■ **WHAT IS NEEDED**:
Reproduce the lines below verbatim. Pictures are to be omitted.
----- DATA SECTION -----
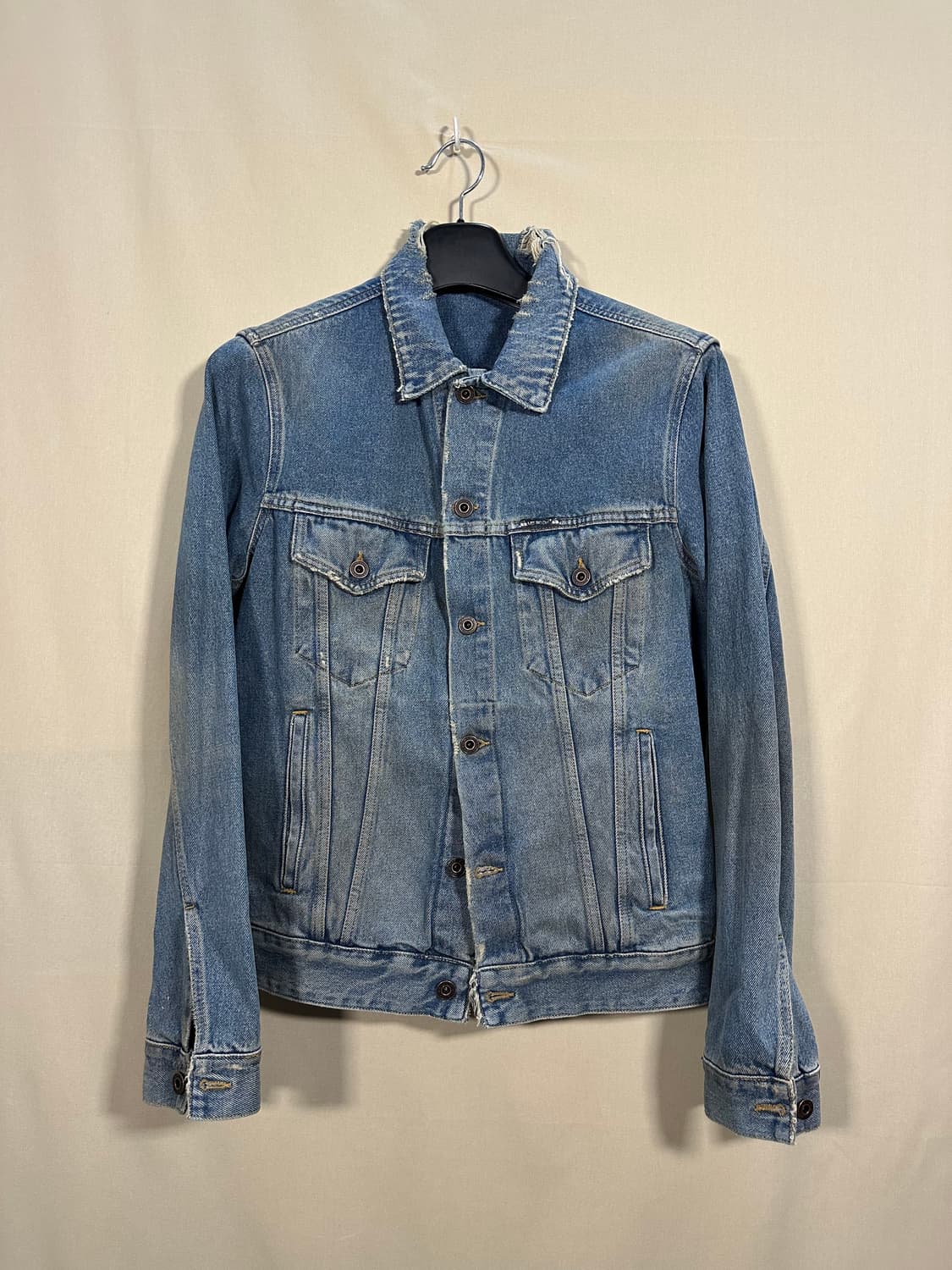 오프화이트 애로우 빈티지 워싱 트러커 자켓 처분  상품이미지3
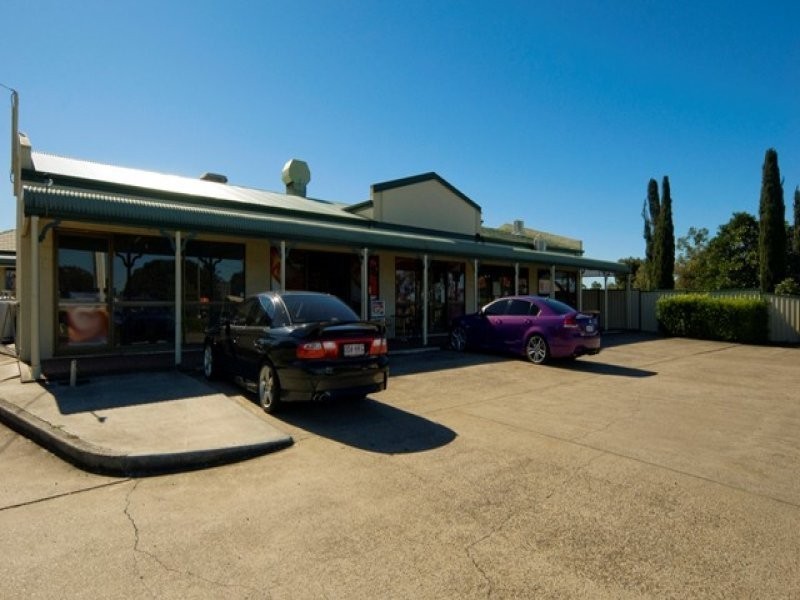 11 Queen Street, Walloon QLD 4306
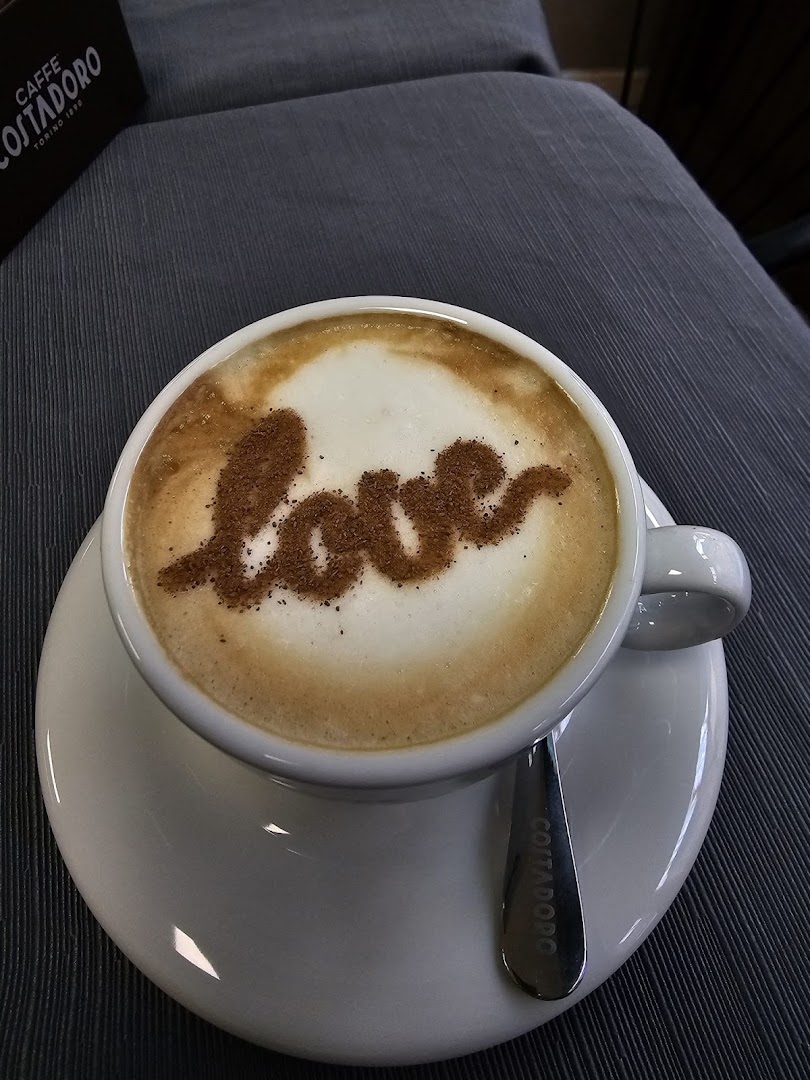 BAR TEA ROOM DI GIO E LULA DI PUGLISI GIACOMA, Luserna San Giovanni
-----
■ **REPLY**:
 오프화이트 애로우 빈티지 워싱 트러커 자켓 처분  상품이미지3
 11 Queen Street, Walloon QLD 4306
 BAR TEA ROOM DI GIO E LULA DI PUGLISI GIACOMA, Luserna San Giovanni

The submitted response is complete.